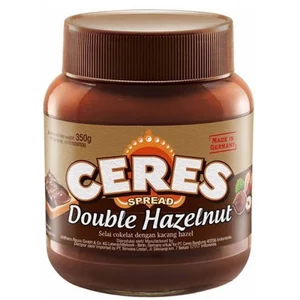 ceres spread double hazelnut 50gr per dus isi 12 pac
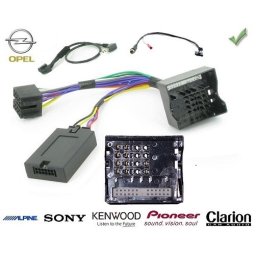 COMMANDE VOLANT Opel Zafira 2012- - Pour JVC complet avec interface specifique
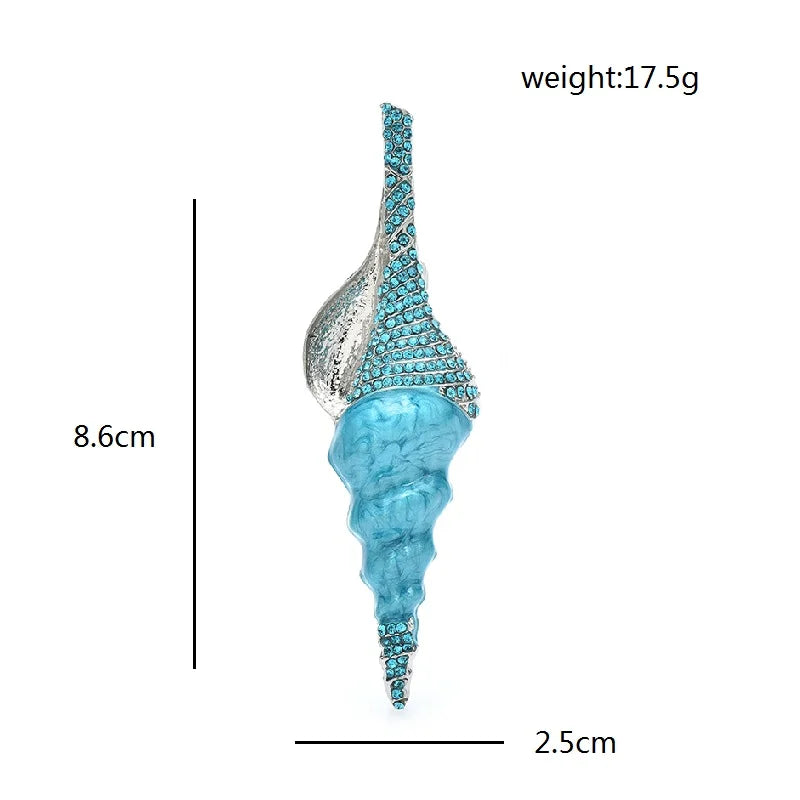 PENDRA Conchella Charming Conch Brooch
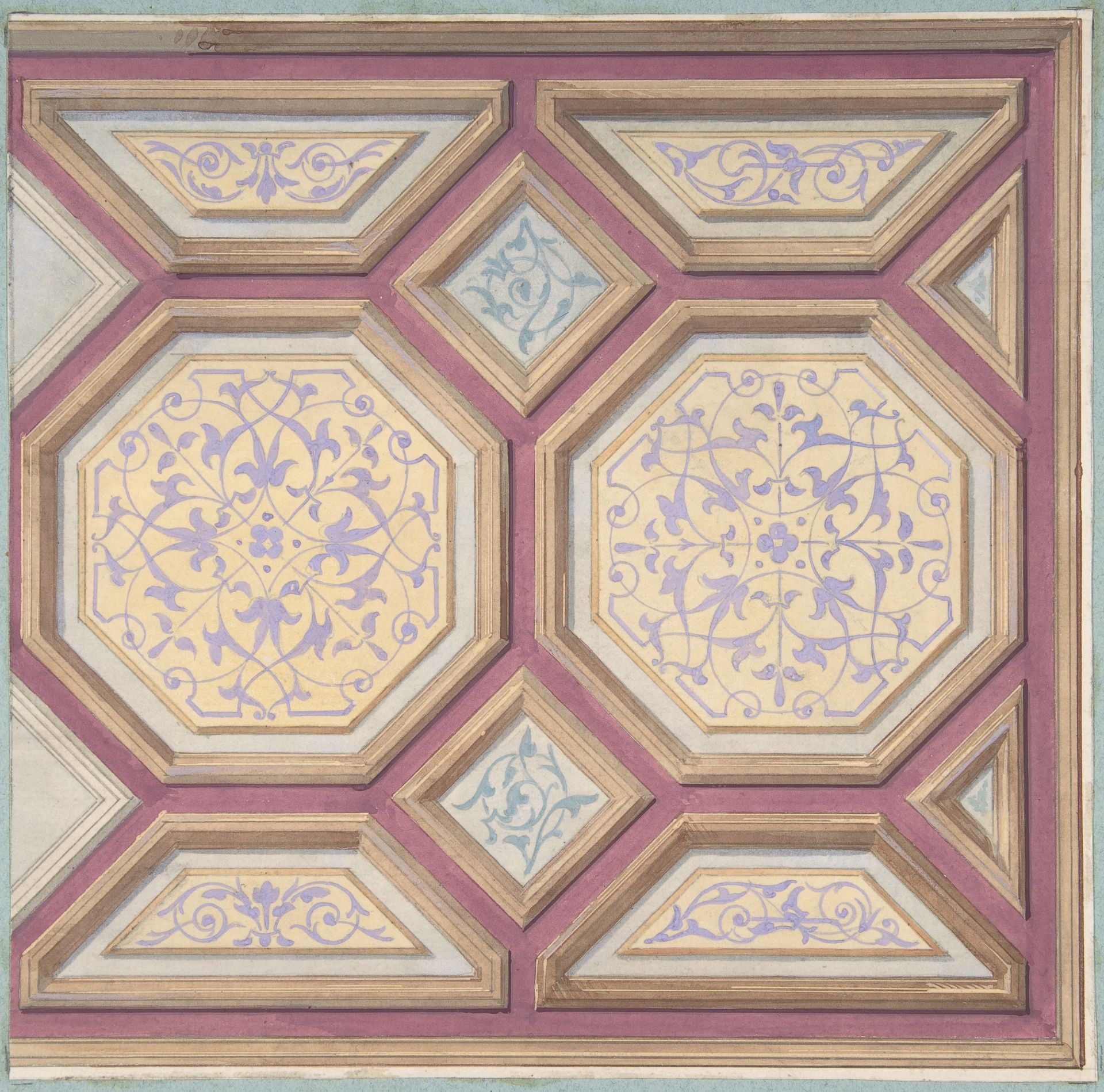 Design for Ceiling, Château de Cangé by Jules-Edmond-Charles Lachaise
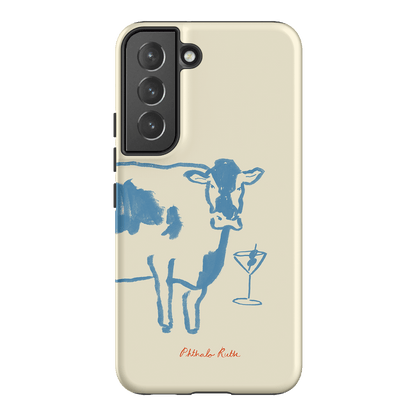Mootini Blue Printed Phone Cases Samsung Galaxy S22 Plus / Armoured by Phthalo Ruth - The Dairy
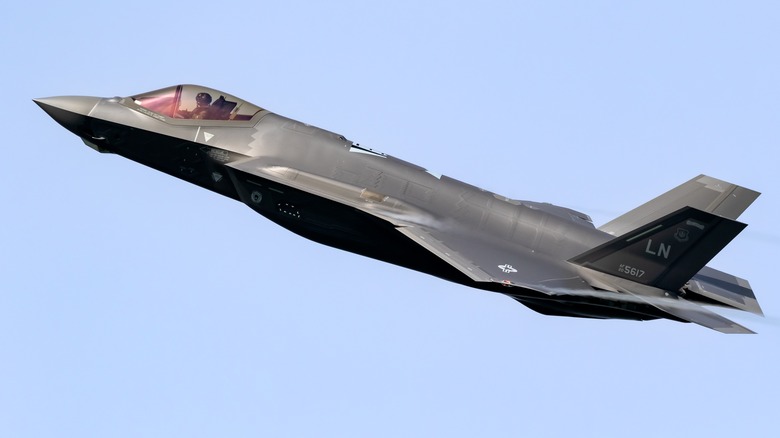 F-35 Lightning II takes off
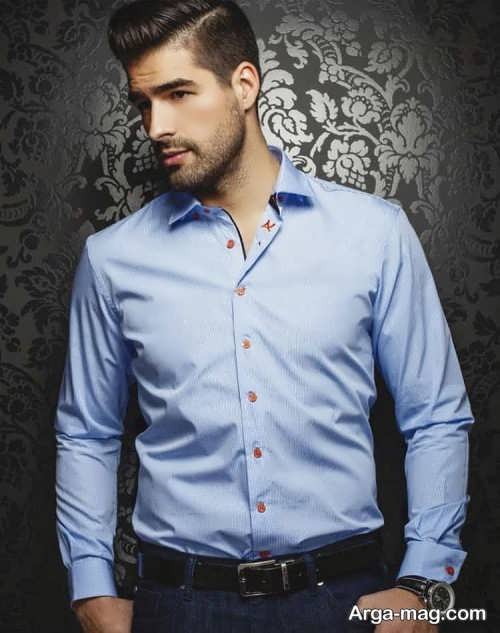 پیراهن ساده و شیک مردانه 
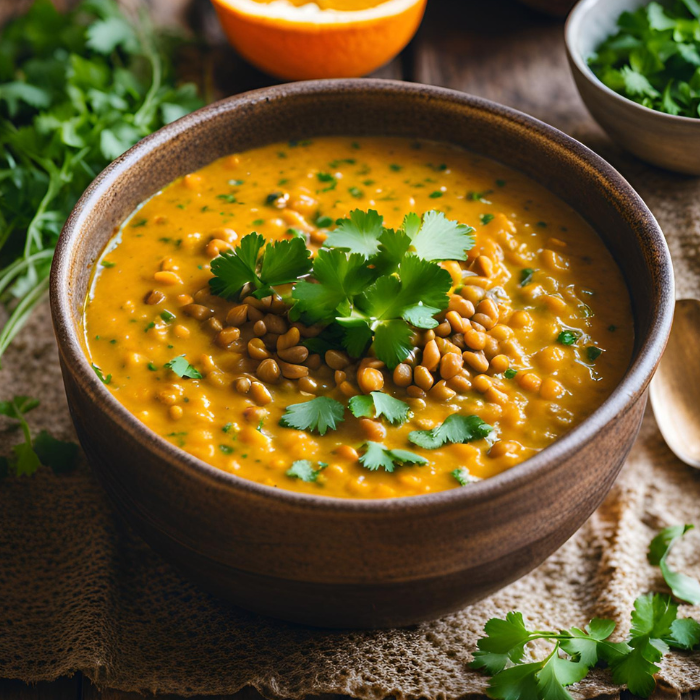 Dahl de Lentilles au Lait de Coco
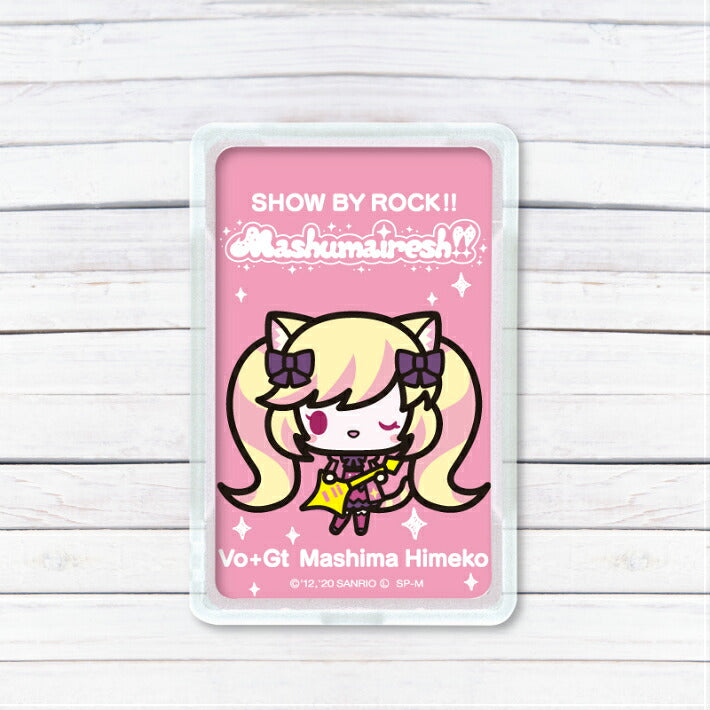 SHOW BY ROCK!! ましゅまいれっしゅ!!　ピーカ+ICカードホルダー マシメヒメコ ⇒ 光る パスケース 定期入れ ICカード suica PASMO 自動改札 コンビニ決済 nanaco WAON 社員証 IDチェック 電子マネー カード決済 LED 非接触型 PIICA サンリオ SB69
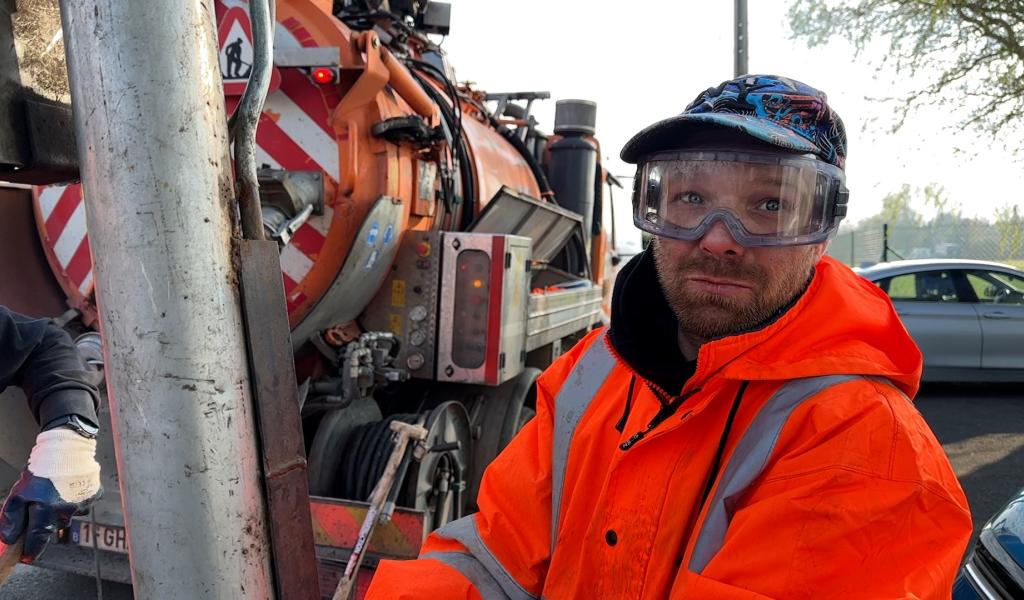 Morlanwelz: opération de curage des avaloirs et collaboration "Commune - Hygea"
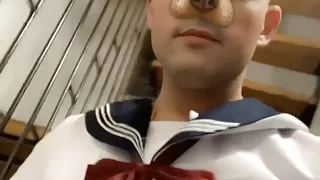 Wanking in the stairwell for my subscriber (German boy cum)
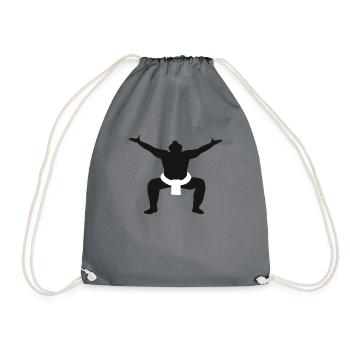 Sumo combattants - Sac de sport léger - gris - Devant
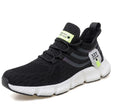 2023 cross-border running shoes men's soft sole men's and women's flying woven mesh sports shoes men's breathable popcorn sole men's shoes aliexpress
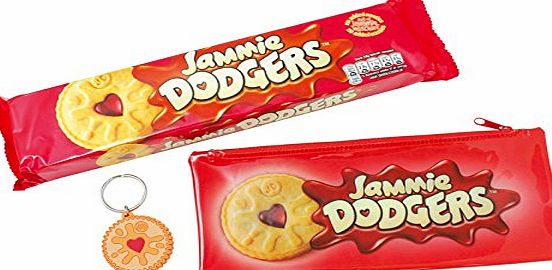 Jammie Dodger  lovers gift set includes pencil case, key ring and Jammie Dodgers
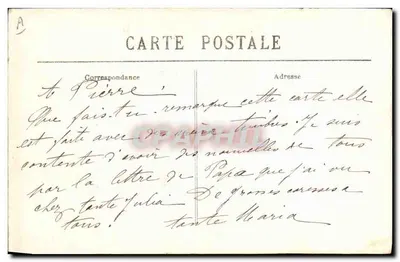 Lembrança da Guerra Europeia 1914-1915 — R. Payomine, 1914 — Verso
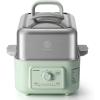 BUYDEEM G52 10.6 Quart 2-Tier Electric Food Steamer for 4-8 Servings, Vegetable Steamer for Cooking, 2-hour Keep Warm, 7 Preset Timings, Dual Boil-Dry Protection, Stainless Steel, Cozy Greenish(5.3 Quart)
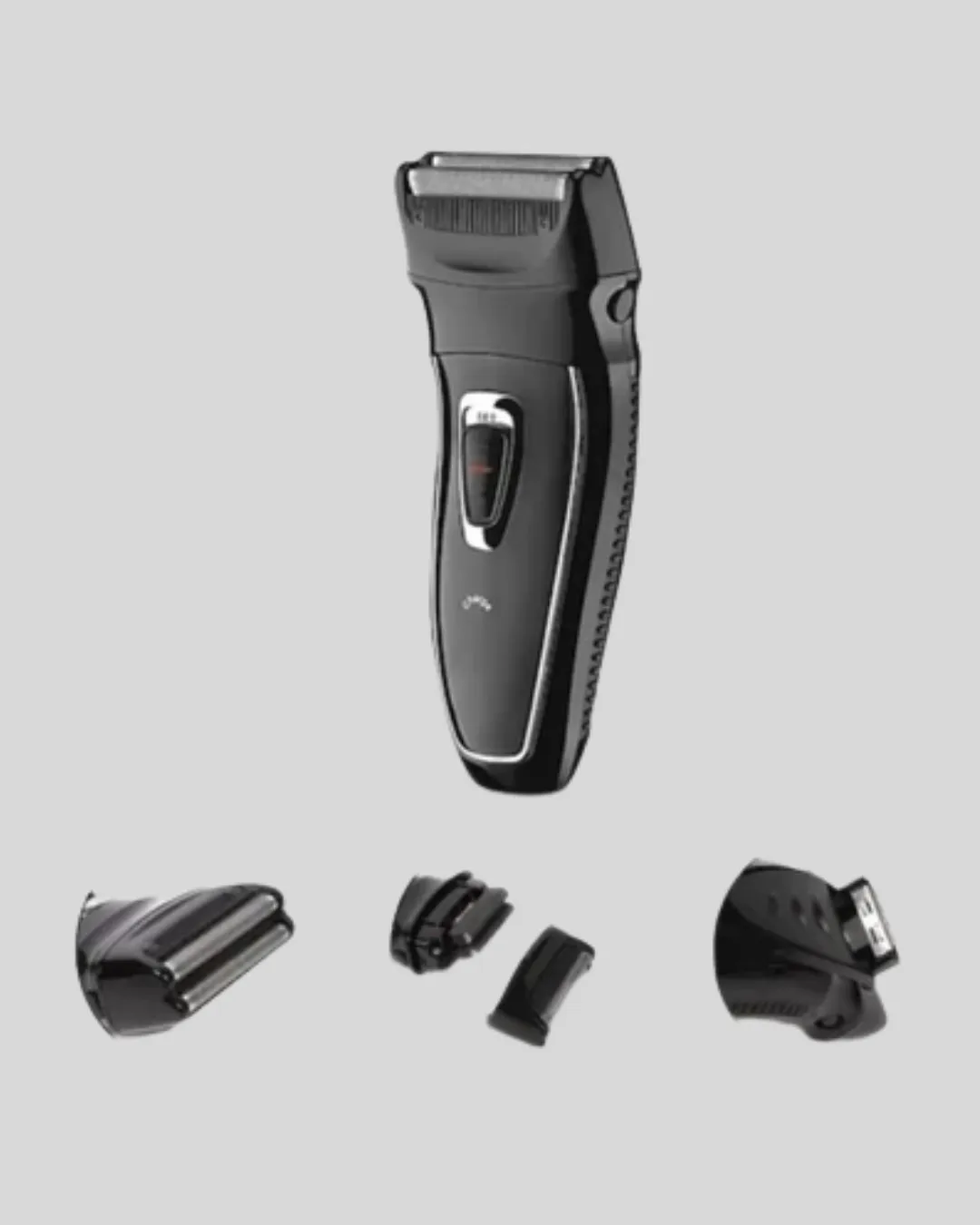 Kablosuz Tıraş Makinesi Çift Başlıklı Kuru Tıraş Folyo Başlık Şarj Göstergeli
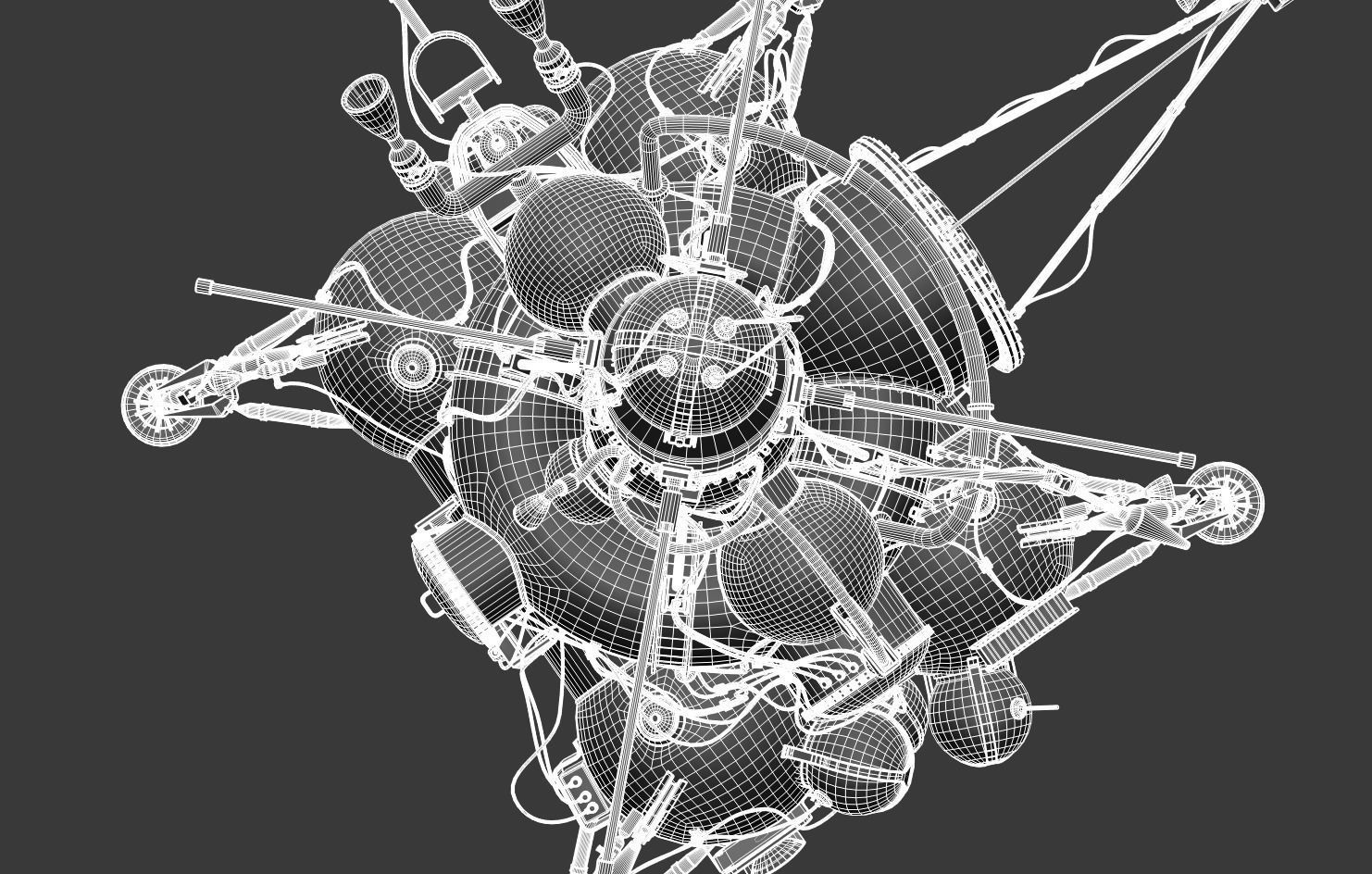 Luna 16 3D model_24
* * * *
Exercise instructions: Give back exactly the lines from the one containing "and Jammie Dodgers" to the final line of the entries, both included, and no picture.

Exercise answer:
 Jammie Dodger  lovers gift set includes pencil case, key ring and Jammie Dodgers
 Lembrança da Guerra Europeia 1914-1915 — R. Payomine, 1914 — Verso
 BUYDEEM G52 10.6 Quart 2-Tier Electric Food Steamer for 4-8 Servings, Vegetable Steamer for Cooking, 2-hour Keep Warm, 7 Preset Timings, Dual Boil-Dry Protection, Stainless Steel, Cozy Greenish(5.3 Quart)
 Kablosuz Tıraş Makinesi Çift Başlıklı Kuru Tıraş Folyo Başlık Şarj Göstergeli
 Luna 16 3D model_24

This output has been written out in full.